Gilgamesh e Enkidu entraram sem temor no interior do bosque e chegaram até a obscura gruta do dragão. Então, lutaram com bravura e cortaram a cabeça da fera...E foram recepcionados pelos habitantes das aldeias que rodeiam o bosque, porém Gilgamesh e Enkidu seguem seu caminho.
Depois de viverem juntos muitas aventuras sentem saudades de suas terras e seus bosques e da cidade amuralhada de Uruk, e decidem regressar para os seus. Durante suas ausências o povo tinha sabido das façanhas e da fama de Gilgamesh e Enkidu e os recebem como heróis.
Isthar, deusa do amor, deseja que Gilgamesh seja seu amante e que se case com ela, mas o valioso e bonito guerreiro a recusa. A despeitada deusa pede ajuda a seu pai, o deus Anu, dono e senhor de todos os mundos e lhe instiga para que envie o Touro do Céu contra a cidade de Uruk. Enkidu e Gilgamesh lutam com o Touro do Céu e o matam. Mas, os deuses se vingam e fazem com que Enkidu contraia uma grave enfermidade e morra. Gilgamesh verte lágrimas de dor diante do cadáver do seu amigo Enkidu e com grande pesar e desconsolo pela perda de seu querido companheiro abandona Uruk e empreende um longo caminho.
Depois de andar léguas e léguas, Gilgamesh chega ao pé de altas montanhas, cujos cumes gémeos voltam-se para o primeiro e para o último dos extremos do mundo; o nascente e o poente.
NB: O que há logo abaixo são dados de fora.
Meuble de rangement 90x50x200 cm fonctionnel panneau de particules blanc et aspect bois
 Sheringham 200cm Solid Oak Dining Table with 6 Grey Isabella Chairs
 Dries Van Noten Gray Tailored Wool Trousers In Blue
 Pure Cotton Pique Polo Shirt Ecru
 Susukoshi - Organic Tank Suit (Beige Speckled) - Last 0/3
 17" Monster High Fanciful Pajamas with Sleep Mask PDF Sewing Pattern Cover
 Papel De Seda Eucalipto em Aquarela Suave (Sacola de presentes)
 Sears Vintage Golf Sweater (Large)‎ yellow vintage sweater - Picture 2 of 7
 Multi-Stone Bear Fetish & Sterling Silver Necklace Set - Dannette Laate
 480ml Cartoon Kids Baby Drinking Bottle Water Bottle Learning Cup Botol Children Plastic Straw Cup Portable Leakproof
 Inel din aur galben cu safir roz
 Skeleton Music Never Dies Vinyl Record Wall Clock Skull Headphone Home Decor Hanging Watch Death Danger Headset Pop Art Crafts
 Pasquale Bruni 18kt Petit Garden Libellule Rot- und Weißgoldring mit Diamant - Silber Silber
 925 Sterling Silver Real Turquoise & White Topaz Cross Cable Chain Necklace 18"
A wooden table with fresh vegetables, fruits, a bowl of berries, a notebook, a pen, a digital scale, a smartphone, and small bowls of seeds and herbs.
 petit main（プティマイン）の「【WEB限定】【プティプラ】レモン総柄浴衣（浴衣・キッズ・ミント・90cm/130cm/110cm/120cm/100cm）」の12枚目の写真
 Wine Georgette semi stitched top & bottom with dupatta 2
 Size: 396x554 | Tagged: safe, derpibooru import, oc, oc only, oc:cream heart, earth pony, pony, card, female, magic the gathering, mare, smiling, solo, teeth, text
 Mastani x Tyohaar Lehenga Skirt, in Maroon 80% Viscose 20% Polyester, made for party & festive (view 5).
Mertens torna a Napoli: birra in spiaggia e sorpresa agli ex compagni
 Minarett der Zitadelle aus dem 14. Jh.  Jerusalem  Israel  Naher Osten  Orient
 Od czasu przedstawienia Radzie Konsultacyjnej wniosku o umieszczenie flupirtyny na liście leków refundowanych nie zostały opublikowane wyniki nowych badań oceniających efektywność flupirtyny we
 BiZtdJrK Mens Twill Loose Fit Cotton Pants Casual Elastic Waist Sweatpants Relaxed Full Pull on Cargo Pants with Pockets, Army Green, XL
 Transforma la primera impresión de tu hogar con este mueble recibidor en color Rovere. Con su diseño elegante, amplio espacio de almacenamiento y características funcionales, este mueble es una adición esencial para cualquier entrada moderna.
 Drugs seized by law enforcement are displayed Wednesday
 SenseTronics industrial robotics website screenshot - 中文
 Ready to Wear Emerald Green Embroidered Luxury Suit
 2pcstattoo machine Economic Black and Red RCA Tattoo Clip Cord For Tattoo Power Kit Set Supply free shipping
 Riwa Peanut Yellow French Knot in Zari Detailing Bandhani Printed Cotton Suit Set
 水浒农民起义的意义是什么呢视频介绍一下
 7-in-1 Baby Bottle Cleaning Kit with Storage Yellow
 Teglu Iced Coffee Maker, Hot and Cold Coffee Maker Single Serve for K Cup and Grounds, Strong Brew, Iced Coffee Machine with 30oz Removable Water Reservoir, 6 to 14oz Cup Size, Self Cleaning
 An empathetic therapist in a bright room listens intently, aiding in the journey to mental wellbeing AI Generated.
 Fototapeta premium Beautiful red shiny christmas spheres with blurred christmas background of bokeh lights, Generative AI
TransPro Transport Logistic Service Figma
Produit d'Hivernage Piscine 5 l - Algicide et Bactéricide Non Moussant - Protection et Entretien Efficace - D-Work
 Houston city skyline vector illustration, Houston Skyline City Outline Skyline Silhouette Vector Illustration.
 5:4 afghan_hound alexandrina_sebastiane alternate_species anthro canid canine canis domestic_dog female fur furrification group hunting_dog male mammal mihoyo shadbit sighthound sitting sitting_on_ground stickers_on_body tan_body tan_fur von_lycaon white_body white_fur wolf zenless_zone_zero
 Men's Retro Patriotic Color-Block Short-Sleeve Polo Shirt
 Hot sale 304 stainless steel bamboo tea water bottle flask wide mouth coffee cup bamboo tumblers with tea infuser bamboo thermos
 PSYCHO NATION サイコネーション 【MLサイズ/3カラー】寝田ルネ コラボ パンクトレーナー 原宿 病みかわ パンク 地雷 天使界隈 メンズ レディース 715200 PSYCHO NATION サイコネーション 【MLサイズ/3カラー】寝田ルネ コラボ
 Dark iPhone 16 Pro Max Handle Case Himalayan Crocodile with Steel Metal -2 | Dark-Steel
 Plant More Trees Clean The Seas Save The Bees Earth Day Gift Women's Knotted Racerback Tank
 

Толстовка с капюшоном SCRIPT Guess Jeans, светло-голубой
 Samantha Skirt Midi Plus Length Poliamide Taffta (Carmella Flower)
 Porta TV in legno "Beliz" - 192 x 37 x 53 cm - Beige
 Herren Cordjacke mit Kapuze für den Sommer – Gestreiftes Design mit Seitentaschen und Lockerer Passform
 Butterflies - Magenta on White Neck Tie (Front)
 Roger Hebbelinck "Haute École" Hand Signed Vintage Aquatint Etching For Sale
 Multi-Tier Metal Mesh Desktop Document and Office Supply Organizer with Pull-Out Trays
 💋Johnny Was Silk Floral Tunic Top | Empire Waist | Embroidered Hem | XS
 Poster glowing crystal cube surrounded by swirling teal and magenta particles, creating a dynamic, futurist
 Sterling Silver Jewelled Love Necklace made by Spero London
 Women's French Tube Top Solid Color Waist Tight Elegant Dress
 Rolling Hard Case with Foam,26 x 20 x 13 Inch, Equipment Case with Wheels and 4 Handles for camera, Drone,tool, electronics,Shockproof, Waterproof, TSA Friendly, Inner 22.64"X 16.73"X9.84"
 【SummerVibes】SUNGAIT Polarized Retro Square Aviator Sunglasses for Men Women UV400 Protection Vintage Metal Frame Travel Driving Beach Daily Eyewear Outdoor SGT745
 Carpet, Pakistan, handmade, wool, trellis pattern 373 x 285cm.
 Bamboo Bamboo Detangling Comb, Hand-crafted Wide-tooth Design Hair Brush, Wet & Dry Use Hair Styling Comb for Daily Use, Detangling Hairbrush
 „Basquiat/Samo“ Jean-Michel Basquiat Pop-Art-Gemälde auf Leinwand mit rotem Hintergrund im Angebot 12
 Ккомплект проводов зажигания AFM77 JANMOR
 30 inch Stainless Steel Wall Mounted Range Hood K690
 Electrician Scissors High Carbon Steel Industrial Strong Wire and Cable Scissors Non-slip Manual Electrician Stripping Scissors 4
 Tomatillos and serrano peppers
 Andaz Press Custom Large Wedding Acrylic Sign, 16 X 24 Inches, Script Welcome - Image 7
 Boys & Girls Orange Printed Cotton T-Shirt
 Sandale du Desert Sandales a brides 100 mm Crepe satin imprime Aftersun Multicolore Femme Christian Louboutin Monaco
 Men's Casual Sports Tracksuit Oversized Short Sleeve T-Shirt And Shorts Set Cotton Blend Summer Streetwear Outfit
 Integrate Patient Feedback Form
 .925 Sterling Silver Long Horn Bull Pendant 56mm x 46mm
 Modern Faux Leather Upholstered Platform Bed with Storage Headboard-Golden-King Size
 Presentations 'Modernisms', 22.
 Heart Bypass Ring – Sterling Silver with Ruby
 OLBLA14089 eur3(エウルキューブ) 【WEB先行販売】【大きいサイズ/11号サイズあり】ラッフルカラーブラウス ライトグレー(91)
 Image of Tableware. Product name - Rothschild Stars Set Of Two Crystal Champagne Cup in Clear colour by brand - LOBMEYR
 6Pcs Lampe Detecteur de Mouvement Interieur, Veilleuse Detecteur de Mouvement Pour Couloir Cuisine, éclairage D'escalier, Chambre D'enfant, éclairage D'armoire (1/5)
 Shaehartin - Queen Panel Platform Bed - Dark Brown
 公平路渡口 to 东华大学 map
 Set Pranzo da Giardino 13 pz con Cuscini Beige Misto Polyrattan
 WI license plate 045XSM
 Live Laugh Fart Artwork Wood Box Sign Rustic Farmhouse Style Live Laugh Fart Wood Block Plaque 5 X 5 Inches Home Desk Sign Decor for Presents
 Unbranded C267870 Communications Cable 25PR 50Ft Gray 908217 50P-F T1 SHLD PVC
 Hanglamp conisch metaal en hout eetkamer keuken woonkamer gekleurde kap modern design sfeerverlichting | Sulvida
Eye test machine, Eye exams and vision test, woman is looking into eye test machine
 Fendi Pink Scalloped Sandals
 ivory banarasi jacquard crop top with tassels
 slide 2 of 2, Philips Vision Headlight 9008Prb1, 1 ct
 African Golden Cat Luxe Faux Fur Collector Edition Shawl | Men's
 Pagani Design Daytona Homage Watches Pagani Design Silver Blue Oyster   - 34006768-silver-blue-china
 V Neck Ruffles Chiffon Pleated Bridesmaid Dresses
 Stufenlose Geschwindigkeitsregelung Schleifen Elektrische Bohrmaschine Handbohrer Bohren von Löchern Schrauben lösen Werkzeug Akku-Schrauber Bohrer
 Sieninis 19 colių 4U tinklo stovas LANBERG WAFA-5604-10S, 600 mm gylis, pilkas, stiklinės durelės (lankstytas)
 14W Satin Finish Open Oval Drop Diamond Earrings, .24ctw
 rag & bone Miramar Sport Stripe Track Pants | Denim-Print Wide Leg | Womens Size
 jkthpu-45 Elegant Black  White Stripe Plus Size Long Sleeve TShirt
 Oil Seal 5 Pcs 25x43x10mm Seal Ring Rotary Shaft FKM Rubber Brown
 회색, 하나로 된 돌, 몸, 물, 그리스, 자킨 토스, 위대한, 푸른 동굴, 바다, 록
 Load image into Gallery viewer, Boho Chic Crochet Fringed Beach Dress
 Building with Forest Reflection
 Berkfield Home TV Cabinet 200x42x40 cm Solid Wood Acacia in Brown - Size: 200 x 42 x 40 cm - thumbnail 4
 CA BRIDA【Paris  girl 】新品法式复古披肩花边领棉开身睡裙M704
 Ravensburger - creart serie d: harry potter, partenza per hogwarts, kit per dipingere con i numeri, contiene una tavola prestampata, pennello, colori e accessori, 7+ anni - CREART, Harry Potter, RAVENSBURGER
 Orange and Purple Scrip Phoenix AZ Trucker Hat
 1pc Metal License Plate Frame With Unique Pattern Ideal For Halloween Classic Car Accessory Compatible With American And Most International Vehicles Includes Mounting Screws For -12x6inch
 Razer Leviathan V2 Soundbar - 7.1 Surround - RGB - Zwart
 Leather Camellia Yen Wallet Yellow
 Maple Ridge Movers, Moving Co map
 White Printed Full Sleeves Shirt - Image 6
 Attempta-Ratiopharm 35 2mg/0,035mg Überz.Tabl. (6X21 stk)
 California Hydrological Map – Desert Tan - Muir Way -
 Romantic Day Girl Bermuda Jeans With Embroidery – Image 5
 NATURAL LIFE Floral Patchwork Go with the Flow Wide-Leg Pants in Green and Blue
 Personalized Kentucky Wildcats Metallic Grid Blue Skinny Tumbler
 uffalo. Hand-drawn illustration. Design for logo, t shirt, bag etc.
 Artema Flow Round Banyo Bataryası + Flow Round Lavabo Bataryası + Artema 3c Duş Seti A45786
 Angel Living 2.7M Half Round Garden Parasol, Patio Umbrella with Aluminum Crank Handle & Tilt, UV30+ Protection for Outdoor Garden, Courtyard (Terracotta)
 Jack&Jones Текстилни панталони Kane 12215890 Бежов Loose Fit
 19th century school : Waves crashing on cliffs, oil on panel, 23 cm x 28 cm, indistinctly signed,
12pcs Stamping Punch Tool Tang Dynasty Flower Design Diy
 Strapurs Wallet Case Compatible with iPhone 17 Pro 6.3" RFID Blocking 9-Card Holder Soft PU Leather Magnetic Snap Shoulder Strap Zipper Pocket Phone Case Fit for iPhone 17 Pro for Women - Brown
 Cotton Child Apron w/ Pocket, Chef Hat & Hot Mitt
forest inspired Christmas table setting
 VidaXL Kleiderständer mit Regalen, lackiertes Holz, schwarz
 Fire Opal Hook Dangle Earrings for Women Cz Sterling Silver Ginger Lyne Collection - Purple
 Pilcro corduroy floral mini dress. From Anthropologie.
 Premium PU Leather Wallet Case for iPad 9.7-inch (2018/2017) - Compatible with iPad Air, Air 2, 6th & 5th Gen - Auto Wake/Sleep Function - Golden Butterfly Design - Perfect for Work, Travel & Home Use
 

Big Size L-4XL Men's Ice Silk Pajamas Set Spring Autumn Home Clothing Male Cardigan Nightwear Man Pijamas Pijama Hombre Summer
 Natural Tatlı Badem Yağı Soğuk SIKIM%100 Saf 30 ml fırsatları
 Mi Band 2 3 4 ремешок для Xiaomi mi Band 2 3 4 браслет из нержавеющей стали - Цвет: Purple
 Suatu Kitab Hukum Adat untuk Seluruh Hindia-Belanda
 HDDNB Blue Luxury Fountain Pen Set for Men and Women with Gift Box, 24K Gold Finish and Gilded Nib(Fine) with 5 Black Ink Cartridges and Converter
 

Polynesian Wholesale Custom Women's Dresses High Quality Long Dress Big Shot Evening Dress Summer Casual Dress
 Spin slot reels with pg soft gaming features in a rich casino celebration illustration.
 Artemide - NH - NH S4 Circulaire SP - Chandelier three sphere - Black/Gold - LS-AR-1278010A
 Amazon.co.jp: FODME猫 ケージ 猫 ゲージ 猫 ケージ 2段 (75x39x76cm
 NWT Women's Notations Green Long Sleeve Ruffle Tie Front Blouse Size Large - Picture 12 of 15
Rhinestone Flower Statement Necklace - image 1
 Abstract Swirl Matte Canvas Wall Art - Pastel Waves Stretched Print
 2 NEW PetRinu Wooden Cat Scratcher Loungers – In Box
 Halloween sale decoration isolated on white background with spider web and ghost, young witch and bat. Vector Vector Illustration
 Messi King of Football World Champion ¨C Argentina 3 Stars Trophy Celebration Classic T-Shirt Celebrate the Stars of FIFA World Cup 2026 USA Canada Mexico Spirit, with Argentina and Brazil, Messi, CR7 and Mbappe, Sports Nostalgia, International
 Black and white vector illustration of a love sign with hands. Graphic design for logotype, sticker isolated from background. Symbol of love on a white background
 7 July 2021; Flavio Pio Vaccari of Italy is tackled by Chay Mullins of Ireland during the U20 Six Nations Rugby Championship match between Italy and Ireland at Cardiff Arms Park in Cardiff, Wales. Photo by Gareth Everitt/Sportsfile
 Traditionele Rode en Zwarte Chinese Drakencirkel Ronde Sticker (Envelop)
Gilgamesh sobe até os altos picos e, uma vez lã em cima, olha o imenso céu e se pergunta pelo enigma da morte...Mas ninguém responde.
Então, decide descer ao mundo das sombras e roga aos guardiões, às gigantescas e horríveis criaturas, metade escorpião metade homem, que abram as portas da montanha e lhe deixem passar, O valente Gilgamesh caminha sem descanso pelo interior dos infernos na mais completa obscuridade até chegar à morada dos deuses, ao jardim de luz. Aqui também não encontra a resposta ao enigma da morte, mas os deuses lhe anunciam que resolvera o mistério se cruzar até a outra margem do extenso oceano.
O barqueiro dos deuses conduz Gilgamesh pelos mares e oceanos do mundo até chegar às pestilentas aguas, da morte e após atravessa-las, o herói chega num lugar onde se encontra o único homem sobrevivente do dilúvio, quem lhe instrui a respeito da vida e da morte: “Não deveis temer a morte pois, como o sonho, está dentro de nós e a todos alcança; mas, podeis conseguir a imortalidade ou a eterna juventude, se arrancares a planta espinhosa e florida, semelhante a um roseiral, que cresce entre o lodo das aguas profundas que banham o mundo das sombras”.
Assim fez Gilgamesh e de regresso à Uruk, levando consigo a preciosa planta florida da eterna juventude, parou no caminho para beber água num manancial e refrescar todo seu corpo. Mas, de pronto, uma serpente cheirou o perfume que exalava da planta e a tragou; depois se arrastou até as cavidades das rochas e se enfiou num fundo e obscuro buraco que desembocava no reino das trevas. Quando Gilgamesh saiu das aguas e viu as sinuosas pegadas do réptil na areia compreendeu, no instante, que a serpente maligna tinha lhe roubado a planta florida da eterna juventude...
... E Gilgamesh chorou ...
APÊNDICE: Ishtar, Deusa Suméria do Amor
Os sumérios, cuja civilização remonta além do quarta milênio antes da nossa era, associavam a deusa Ishatr com o amor, mas também com o ódio e a guerra. Segunda a crença popular daquele tempo lendário, a deusa Ishtar tinha descido ao mundo subterraneo, o inferno, para apoderar-se das sete chaves que abriam as sete portas dos corredores que condizuam à câmara tenebrosa, onde se guardava o segredo da vida e da morte.